Pourquoi la dose de vaccin donnée a-t-elle été divisée par deux pour les personnes qui ne sont pas directement en contact avec le virus ?

Il y a un nombre limité de vaccins disponibles pour deux raisons : le vaccin n’a pas encore été homologué par les autorités de santé (c’est un vaccin expérimental), donc il ne peut pas être produit dans de grandes quantités. De plus, c’est un vaccin long à produire que nous avons déjà administré à 110 000 personnes et il n’y en a que 300 000 disponibles.

Un nouveau vaccin produit par Janssen Pharmaceutica a été proposé. Mais il requiert deux injections afin d’être pleinement effectif. Est-il possible de distribuer deux injections par personne ?

Ça va être un gros souci logistique. Nous pensons utiliser les deux vaccins parallèlement, car ils sont en quantité limitée. C’est la seconde fois seulement que nous traitons Ebola de cette manière. Je ne suis pas pessimiste parce que je pense qu’une large campagne pro-vaccination peut vraiment être efficace. Ça a été le cas pour le choléra par exemple.

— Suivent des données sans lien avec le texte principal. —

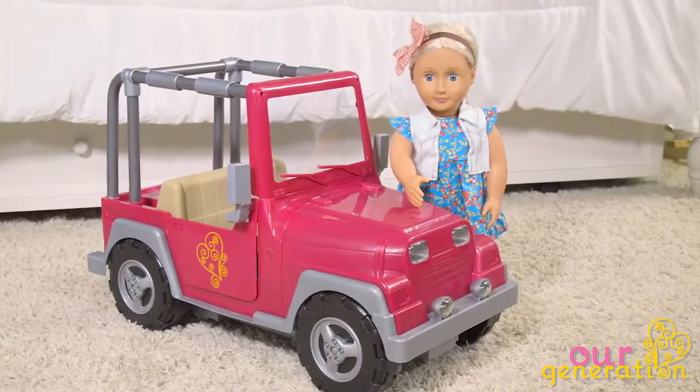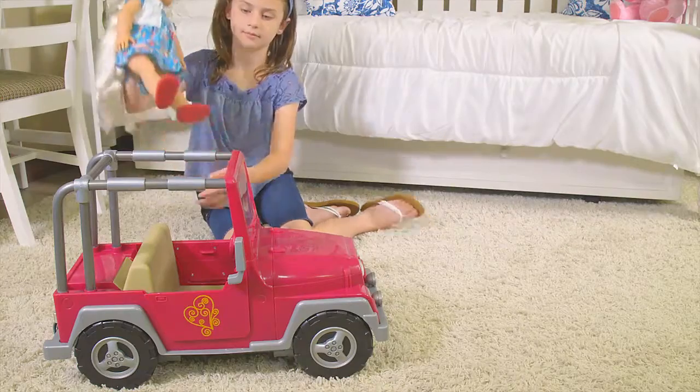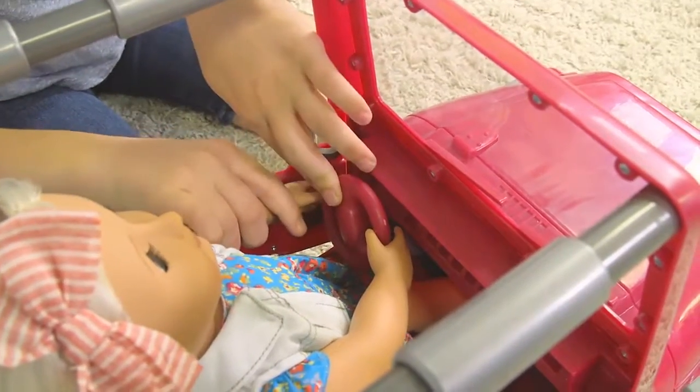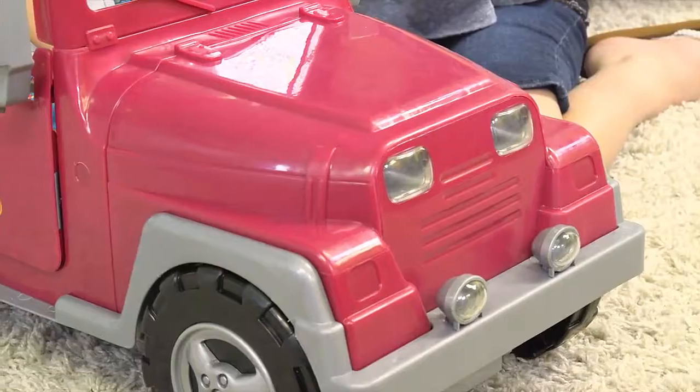Have it your way and the highway with the Our Generation 4x4. Your favorite 18 inch doll fits perfectly into the driver's seat and her hands fit right on the steering wheel. The accurate detail gives this vehicle a stylish yet rugged look.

Le virus se transmet aussi par les contacts avec les cadavres. Comment faites-vous pour permettre aux familles d’enterrer leurs proches sans pour autant qu’elles tombent elles-mêmes malades ?

La Croix-Rouge fait un super travail. Elle a des équipes qui encadrent les funérailles en mettant en place des équipements de protection, etc. Mais souvent, ces pratiques ne correspondent pas aux croyances locales. Par exemple, il est très important pour les proches de toucher le cadavre avant qu’il ne soit enterré. Le problème, c’est qu’une fois morte, la personne qui a contracté le virus devient encore plus contagieuse.

David Miliband, président de l’International Rescue Committee, a affirmé mercredi au Guardian que l’épidémie était hors de contrôle. Êtes-vous d’accord ?

Oui. Nous avons perdu le contrôle de cette épidémie.